As an academic […] you’re a professional writer, just as you’re a professional teacher. Treat your scheduled writing time like your scheduled teaching time.

You’d never skip out on a class, so Silvia says that you should similarly schedule writing and stick to it.


There is a great picture in the book of Silvia’s writing table, which is little more than a sheet of fibre board on legs and hard plastic writing chair. He quotes Bill Stumpf, who worked for Herman Miller and co-designed the Aeron chair: “I’m not sure there is direct correlation between a piece of furniture and productivity.” So, stop complaining about your slow computer or bad chair. Sit down and write.

[…] Silvia’s main point is that writers who schedule time to write write more (duh) and have more creative ideas per day than “binge writers”. (Something tells me that the same could apply to industrial designers with respect to sketching.)


Serious writers write, inspired or not. Over time they discover that routine is a better friend to them than inspiration. (Silvia quoting Ralph Keyes’ The Writers Book of Hope (2003).)

Silvia is a huge fan of clear, structured, achievable, quantifiable goals, an idea familiar to GTDers. He provides examples, which are too extensive to quote here. He also provides his own list of writing priorities for career academics and a second list for post-grad students.
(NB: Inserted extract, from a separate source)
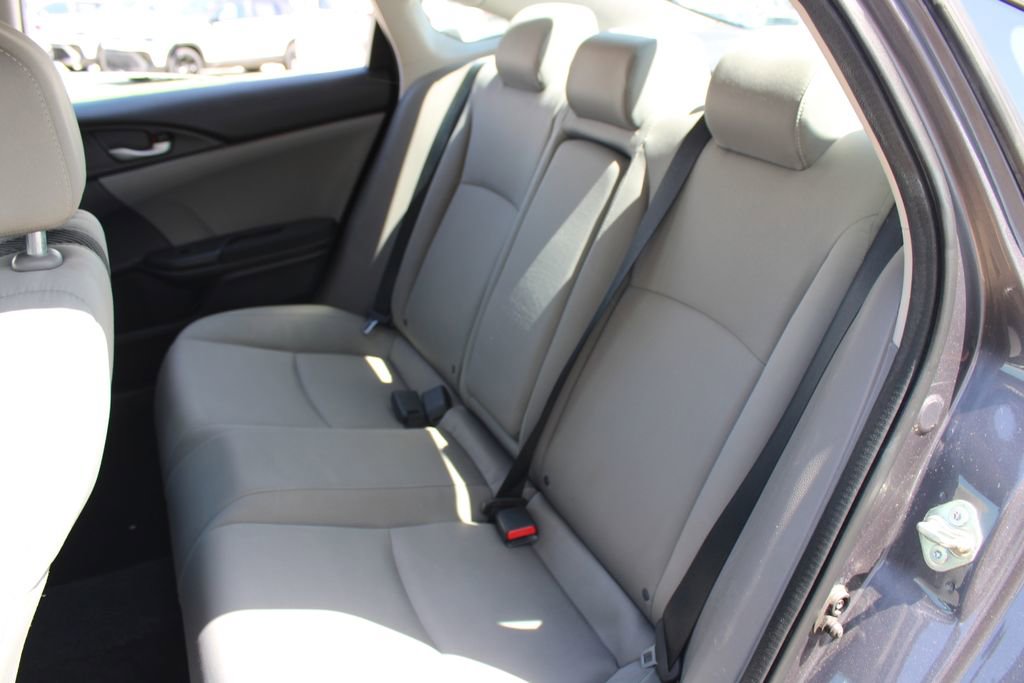 Used 2016 Honda Civic EX-T image 21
The central thrust of the career academics list is that writing that is closer to completion has priority over writing that has not yet begun. So, he says, do that last edit on your accepted journal paper before starting the outline for your next paper. Geeks will identify with this FIFO strategy.


Silvia has a dry sense of humour that is used through the whole book. On setting goals, which he says are essential to writing:

Some academics are so enamoured of goals, initiativges and strategic plans that they become deans and provosts.

And on science-ese:

“If the water is dark,” goes a German aphorism, “the lake must be deep.” […] I ought to have said, “Bodies of water characterized by minimal transparency are likely to possess significantly high values of the depth dimension (p < .05)”.


How to write in one easy step and one hard step:

1. plan to write
2. write.

Shamefully, I still don’t have a writing schedule, other than Friday Shut Up and Write, and I also don’t track my progress.

Now, my work days don’t have a regular schedule — I don’t even start at the same time each day, so I can’t say “9-10 is writing time”. Silvia would call that a spurious barrier, and he’s right. But, looking at my schedule, I think I can say, “the first hour I’m at work is writing time”.

Silvia also makes the distinction between “writing” being about words produced and writing being about moving a project forward. An hour of editing counts just as much as an hour of making the clackity noise.

As of today there’s four days until OZCHI long papers are due. Four days to make a start on making a new habit.